- Task to complete: Locate the line containing "11 year old moving bales" in the material below. Copy that line and all following lines through the end exactly, omitting any pictures.
*** Data segment ***
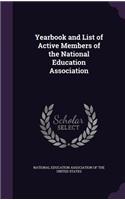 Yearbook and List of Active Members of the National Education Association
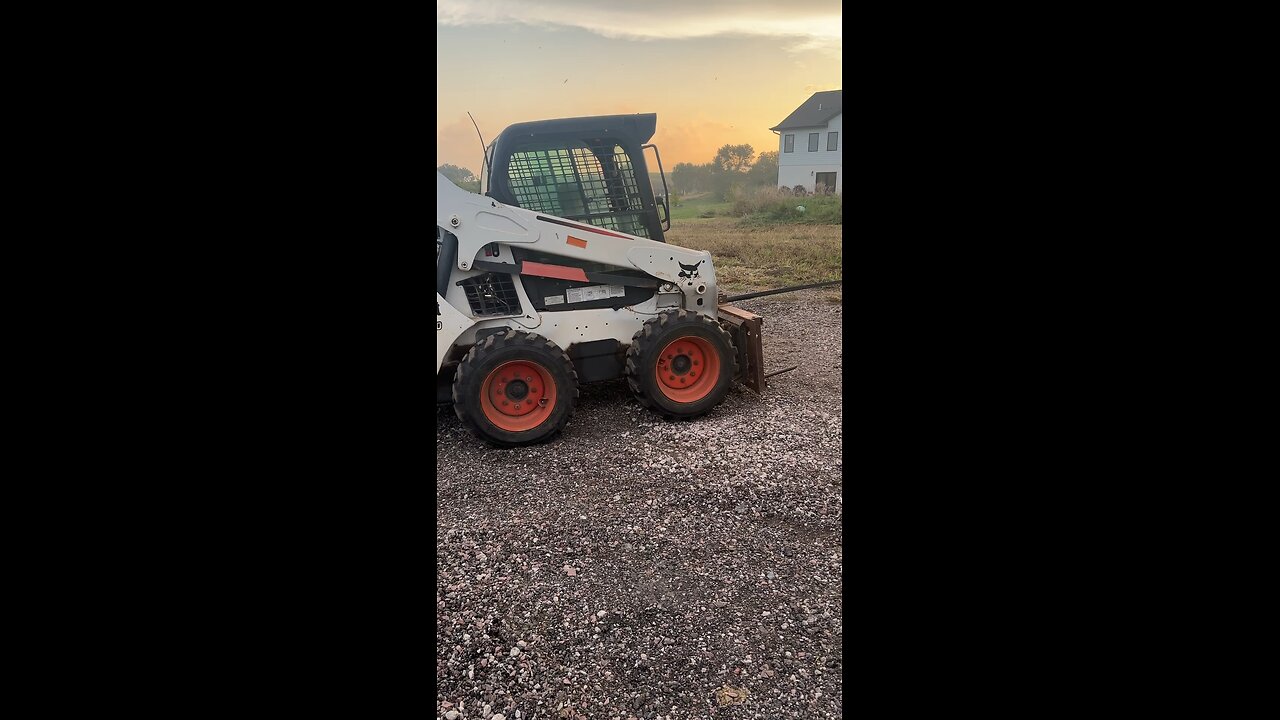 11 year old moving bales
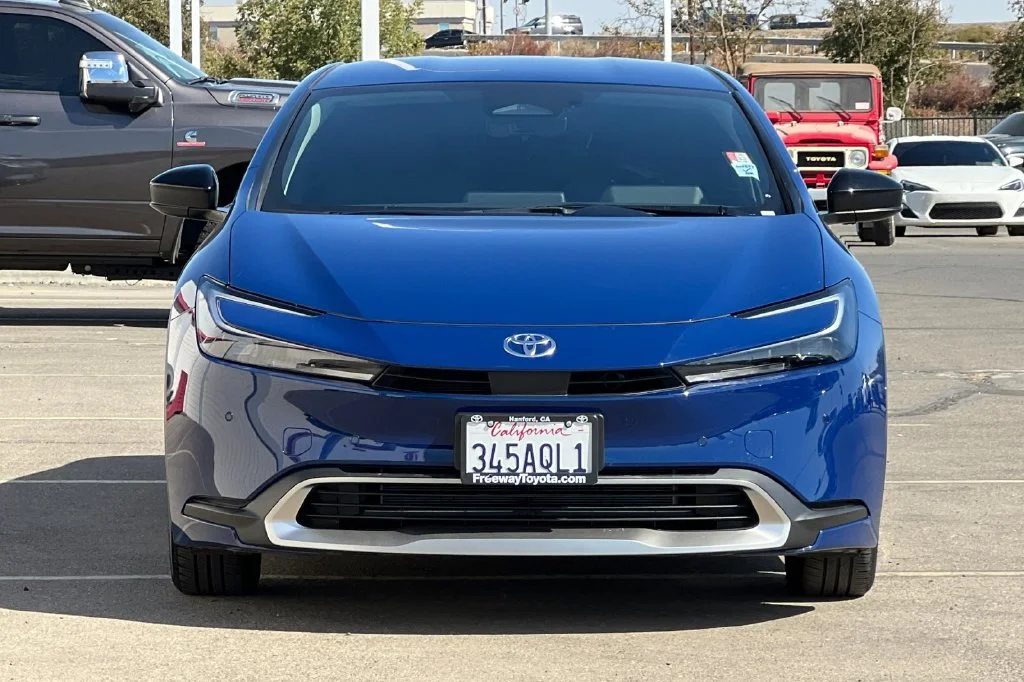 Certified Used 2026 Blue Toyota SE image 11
*** End of Data segment ***
- Exercise result:
 11 year old moving bales
 Certified Used 2026 Blue Toyota SE image 11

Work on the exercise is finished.